下手の横好き日記

色々な趣味や興味に関する雑記を書いていきます。
ミステリ・競馬・ピアノ・スポーツなどがメイン記事です。

歌野晶午『葉桜の季節に君を想うということ』

2007-07-20 21:35:32 | 
この作品が読んでみたくて、歌野氏の昔を読んでたわけです。
傾向と対策は何となく分かってきた感じなので、いよいよチャレンジ。

俺・成瀬将虎は、「何でもやってやろう」というチャレンジ精神に富んだ元私立探偵。
ジムで体を鍛えつつ、後輩の高校生・キヨシや妹・綾乃の面倒を見るのに忙しい。
ある日、同じジムに通うお嬢様・愛子から、調査の仕事を受ける。
彼女のおじいさんが、悪徳商法に引っかかった挙句、保険をかけられて殺されたというのだ!
運命の女・麻宮さくらとの出会いに揺れながら、再び危険な仕事に飛び込む俺。
ところが、どうやらその悪徳業者は一筋縄ではいかないようで・・・

おおお。ハードボイルドじゃん!というのが、最初の数ページの印象。
構成としては成瀬の今が奇数章で語られていき、
偶数章で、成瀬の過去や事件のサイドストーリーが語られる凝った構成。
どちらも「次どうなるんだ!?」という興味を巧妙にはぐらかし、
先を読み進めずにはいられない「じらし技」となっており、憎い構成です(^^;
特にヤクザ探偵・成瀬の過去には、奇妙な殺人事件も発生していて、
また危険すぎる仕事の結末への興味も、迫力も、読者をひきつけずにはいられません。

そして、結末。
「!?」
はい、これで足りるのではないでしょうか(苦笑)
多くを語らずとも・・・あるいは多くを語ってはいけない、そんな作品です。

ラーメンは、とんでもない代物に進化していました。
上手さ凝縮、濃厚だし、でも食べやすい、新創作ラーメン。
ええ~! そんなものをラーメンに入れるのですか!?という衝撃。

この作品を読みたかったのは、第4回本格ミステリ大賞受賞作ということから。
その回には、有栖川氏の『スイス時計の謎』も候補作に上がっていました。
あの名作をおさえての受賞ということで、興味津々だったわけです。

で。『葉桜~』も大変面白いミステリでしたが、『スイス時計~』とはタイプが違う。
前者は作品全体で一つの世界を作り上げ、その世界を読者に饗するという感じの「物語」だし、
後者は1つの事件を論理で突き詰めることによって、眩暈に似た解決がなされるという「パズル」で。
でも、やはりどちらもミステリ・・・懐が深いですよね、ミステリって。(ラーメンと同じだ♪)

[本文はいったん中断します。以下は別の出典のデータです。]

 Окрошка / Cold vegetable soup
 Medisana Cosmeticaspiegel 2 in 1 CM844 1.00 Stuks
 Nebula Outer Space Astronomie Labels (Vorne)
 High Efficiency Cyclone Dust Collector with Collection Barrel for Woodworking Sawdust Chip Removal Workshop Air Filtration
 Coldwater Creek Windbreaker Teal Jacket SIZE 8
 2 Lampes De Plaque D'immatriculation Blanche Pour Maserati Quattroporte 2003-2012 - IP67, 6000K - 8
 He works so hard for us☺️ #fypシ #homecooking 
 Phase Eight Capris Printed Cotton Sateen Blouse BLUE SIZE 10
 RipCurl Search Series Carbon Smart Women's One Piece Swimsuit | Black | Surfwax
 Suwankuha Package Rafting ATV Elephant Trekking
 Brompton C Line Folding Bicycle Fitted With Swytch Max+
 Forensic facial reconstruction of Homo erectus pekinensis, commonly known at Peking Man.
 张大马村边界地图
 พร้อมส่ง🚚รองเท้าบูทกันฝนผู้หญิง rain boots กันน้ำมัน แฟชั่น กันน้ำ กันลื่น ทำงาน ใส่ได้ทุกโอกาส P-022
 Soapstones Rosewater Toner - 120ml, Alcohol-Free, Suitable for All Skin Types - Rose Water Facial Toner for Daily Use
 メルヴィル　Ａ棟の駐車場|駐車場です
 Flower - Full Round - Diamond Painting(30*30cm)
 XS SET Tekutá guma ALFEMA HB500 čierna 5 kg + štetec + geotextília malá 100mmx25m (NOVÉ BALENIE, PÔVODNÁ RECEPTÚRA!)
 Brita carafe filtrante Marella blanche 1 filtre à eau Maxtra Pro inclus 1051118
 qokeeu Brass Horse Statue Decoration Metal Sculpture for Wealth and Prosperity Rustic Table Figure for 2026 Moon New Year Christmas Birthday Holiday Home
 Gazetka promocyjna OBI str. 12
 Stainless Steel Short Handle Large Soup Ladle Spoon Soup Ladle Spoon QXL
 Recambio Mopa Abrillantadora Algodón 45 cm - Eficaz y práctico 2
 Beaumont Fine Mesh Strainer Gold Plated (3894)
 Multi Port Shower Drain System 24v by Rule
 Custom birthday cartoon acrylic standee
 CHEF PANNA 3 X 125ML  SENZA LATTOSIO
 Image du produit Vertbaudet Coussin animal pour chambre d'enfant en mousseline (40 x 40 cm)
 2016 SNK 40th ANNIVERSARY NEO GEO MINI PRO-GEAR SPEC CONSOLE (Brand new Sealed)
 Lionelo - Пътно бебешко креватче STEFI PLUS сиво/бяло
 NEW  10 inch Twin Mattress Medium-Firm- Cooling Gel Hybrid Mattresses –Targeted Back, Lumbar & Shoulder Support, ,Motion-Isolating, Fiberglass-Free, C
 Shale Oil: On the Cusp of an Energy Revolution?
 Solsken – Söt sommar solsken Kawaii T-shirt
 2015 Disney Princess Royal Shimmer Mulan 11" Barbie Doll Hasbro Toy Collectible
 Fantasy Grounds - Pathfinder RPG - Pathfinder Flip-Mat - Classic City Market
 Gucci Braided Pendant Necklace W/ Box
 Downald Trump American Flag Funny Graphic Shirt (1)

私が「本格」だと思ってきたものは「パズル」の方なのですが、
この『葉桜の季節に君を想うということ』が本格ミステリ大賞に輝いたということは、
歌野氏が受賞のコメントで述べたように、「本格」の認識が変化しているということなのでしょう。
ちなみに、歌野氏自身はこの作品を「本格」とは距離をとった作品だとおっしゃっていて、
ご自身は『スイス時計の謎』に票を投じています。面白いですね。